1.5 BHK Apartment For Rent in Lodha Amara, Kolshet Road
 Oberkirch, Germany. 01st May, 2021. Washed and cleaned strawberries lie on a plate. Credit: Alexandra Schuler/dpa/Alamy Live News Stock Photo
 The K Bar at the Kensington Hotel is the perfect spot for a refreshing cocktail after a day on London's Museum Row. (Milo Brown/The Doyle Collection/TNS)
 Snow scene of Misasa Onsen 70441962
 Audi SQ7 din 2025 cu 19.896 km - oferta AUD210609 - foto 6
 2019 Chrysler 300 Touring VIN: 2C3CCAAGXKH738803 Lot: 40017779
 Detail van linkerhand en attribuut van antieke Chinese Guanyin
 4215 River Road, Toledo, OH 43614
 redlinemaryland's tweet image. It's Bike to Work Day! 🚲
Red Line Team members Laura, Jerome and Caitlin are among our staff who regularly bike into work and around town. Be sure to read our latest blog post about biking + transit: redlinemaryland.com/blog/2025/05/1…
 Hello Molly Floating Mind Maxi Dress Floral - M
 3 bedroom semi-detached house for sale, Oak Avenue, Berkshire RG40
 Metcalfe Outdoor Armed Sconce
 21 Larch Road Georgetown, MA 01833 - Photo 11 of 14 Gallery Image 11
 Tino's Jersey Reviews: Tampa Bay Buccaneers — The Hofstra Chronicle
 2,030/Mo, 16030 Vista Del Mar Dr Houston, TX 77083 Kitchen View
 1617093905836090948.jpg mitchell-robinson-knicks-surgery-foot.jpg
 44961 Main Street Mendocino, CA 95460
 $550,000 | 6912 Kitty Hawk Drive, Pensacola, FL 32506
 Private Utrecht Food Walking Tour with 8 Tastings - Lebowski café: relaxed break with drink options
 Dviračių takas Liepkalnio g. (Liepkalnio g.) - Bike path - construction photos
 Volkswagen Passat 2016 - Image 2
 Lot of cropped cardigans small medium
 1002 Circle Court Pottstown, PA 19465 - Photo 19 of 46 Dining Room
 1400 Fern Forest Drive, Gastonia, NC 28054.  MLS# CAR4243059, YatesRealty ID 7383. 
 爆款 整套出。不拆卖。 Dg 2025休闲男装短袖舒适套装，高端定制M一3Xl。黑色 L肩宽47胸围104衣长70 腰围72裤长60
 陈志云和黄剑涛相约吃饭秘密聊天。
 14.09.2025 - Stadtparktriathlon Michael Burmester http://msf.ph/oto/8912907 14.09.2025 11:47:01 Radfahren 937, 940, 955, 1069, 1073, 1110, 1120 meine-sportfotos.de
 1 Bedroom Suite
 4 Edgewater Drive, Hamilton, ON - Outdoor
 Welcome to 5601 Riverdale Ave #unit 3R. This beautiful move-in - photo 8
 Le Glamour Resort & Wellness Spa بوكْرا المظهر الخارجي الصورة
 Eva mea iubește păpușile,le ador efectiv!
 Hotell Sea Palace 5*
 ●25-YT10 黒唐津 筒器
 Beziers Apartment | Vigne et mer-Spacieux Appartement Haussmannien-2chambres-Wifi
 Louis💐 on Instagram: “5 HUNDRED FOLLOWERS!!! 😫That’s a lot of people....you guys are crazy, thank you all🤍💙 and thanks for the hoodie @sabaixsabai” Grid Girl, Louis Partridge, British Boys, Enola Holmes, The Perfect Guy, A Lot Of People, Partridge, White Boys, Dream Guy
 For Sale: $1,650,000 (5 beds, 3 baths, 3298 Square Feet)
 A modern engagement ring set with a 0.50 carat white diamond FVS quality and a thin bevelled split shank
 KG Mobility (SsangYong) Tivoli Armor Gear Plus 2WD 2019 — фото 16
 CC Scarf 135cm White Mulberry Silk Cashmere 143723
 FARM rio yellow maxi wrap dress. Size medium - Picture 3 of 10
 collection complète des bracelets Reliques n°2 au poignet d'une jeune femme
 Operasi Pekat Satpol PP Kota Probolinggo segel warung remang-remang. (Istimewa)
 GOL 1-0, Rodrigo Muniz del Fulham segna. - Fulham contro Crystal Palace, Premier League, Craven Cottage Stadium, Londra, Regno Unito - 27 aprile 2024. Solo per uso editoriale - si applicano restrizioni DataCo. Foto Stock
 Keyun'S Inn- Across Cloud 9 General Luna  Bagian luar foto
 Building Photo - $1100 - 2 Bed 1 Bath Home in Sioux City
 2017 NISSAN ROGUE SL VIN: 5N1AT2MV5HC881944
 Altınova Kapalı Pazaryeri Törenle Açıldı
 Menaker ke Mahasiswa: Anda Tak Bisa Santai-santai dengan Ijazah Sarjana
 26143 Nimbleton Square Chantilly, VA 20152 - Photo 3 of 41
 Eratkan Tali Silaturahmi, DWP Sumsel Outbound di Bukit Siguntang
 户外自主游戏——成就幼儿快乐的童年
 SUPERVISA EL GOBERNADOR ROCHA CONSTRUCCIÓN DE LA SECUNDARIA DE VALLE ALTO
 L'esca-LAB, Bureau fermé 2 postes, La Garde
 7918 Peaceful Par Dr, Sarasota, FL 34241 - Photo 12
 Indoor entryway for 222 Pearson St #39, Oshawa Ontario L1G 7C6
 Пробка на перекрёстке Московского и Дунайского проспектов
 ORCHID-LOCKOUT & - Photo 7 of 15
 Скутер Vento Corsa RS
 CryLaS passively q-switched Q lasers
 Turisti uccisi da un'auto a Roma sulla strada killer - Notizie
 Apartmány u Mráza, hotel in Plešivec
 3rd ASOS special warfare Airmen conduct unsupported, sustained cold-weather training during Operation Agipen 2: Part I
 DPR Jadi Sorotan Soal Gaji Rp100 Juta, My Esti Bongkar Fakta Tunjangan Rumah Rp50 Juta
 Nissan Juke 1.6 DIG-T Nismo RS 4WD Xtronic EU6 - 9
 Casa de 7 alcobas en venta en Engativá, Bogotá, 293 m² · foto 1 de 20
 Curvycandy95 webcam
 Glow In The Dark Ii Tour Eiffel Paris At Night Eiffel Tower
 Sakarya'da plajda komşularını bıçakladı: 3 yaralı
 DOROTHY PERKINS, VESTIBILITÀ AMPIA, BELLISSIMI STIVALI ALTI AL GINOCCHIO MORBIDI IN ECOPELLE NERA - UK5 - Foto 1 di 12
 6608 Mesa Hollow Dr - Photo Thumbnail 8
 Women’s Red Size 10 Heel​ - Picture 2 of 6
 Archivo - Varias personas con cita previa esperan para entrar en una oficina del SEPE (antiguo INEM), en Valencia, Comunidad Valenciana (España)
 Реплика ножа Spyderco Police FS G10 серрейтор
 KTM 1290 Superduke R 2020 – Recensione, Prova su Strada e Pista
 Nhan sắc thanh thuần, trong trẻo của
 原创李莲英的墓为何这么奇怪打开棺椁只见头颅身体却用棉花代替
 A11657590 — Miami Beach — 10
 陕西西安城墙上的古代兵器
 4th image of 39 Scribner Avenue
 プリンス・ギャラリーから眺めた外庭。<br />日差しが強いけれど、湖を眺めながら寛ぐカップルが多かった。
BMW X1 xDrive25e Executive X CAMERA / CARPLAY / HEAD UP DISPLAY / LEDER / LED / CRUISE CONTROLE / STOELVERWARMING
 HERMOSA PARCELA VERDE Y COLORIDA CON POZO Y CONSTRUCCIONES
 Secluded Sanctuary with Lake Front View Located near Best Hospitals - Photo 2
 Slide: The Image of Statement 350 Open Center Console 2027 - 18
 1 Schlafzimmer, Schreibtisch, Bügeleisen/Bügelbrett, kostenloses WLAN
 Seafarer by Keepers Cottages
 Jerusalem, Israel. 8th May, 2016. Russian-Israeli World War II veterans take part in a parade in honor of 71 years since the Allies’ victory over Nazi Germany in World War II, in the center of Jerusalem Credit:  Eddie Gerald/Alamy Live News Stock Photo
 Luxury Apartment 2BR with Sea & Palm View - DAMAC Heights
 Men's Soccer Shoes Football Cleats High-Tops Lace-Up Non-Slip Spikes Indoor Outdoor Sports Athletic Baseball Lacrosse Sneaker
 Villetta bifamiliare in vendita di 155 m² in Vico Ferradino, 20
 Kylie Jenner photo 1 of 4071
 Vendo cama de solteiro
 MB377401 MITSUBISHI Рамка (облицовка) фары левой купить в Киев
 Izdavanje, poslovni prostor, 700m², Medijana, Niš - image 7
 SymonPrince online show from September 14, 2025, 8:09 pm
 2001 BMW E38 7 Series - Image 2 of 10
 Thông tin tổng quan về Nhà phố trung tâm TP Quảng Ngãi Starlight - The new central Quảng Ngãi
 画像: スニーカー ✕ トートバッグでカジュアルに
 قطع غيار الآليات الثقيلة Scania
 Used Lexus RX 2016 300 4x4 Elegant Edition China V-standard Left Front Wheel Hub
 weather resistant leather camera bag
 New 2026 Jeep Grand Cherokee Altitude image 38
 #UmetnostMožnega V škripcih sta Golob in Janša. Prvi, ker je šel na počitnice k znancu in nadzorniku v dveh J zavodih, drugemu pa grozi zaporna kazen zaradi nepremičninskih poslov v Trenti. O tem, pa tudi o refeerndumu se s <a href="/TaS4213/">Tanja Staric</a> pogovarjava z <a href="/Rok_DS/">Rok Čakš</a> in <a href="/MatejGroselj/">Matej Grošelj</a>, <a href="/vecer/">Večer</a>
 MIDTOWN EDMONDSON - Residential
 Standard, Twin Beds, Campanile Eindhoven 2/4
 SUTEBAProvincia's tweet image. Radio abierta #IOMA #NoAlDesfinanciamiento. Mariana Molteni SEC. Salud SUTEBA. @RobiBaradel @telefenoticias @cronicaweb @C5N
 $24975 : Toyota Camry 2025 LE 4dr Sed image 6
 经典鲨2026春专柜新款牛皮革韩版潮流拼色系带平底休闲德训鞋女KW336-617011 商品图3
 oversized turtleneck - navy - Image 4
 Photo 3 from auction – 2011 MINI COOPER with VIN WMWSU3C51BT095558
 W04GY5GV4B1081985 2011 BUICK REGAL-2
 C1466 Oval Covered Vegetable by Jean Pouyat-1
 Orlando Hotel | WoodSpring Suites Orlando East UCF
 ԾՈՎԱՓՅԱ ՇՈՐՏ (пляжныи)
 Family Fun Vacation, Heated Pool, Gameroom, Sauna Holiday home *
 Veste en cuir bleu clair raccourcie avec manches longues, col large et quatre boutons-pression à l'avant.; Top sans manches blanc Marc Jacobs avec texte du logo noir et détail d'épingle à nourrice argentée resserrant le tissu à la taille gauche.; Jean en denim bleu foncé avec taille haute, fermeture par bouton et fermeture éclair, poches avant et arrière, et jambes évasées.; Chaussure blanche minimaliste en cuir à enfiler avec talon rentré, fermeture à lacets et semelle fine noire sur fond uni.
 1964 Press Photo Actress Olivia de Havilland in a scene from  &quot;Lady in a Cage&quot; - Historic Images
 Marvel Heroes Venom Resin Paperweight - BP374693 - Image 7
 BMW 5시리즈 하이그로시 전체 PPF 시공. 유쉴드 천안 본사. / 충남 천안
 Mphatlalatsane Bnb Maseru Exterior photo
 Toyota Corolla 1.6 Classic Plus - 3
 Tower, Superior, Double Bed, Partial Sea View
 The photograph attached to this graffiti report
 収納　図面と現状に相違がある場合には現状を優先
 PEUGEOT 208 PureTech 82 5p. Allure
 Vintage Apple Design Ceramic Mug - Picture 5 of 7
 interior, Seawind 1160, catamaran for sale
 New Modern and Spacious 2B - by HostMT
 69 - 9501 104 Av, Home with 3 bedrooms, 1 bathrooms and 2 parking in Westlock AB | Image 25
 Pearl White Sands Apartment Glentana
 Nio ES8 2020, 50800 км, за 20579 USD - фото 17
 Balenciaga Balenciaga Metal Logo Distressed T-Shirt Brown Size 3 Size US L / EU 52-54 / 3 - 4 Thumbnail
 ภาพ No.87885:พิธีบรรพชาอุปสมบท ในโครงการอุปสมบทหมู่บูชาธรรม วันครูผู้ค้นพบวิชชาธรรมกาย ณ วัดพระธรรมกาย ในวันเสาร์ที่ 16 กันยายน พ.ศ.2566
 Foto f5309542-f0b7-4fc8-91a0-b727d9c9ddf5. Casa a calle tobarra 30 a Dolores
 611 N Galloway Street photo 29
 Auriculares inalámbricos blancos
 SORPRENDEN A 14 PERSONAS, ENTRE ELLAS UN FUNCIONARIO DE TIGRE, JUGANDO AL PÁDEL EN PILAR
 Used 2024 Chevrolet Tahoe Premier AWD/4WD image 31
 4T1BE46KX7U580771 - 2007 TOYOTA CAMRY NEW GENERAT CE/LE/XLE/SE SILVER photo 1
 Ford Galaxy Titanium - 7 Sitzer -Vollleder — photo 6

▶ Task to complete
Your answer should be all lines from the data that contain "Germany".

▶ Solution to this exercise
 Oberkirch, Germany. 01st May, 2021. Washed and cleaned strawberries lie on a plate. Credit: Alexandra Schuler/dpa/Alamy Live News Stock Photo
 Jerusalem, Israel. 8th May, 2016. Russian-Israeli World War II veterans take part in a parade in honor of 71 years since the Allies’ victory over Nazi Germany in World War II, in the center of Jerusalem Credit:  Eddie Gerald/Alamy Live News Stock Photo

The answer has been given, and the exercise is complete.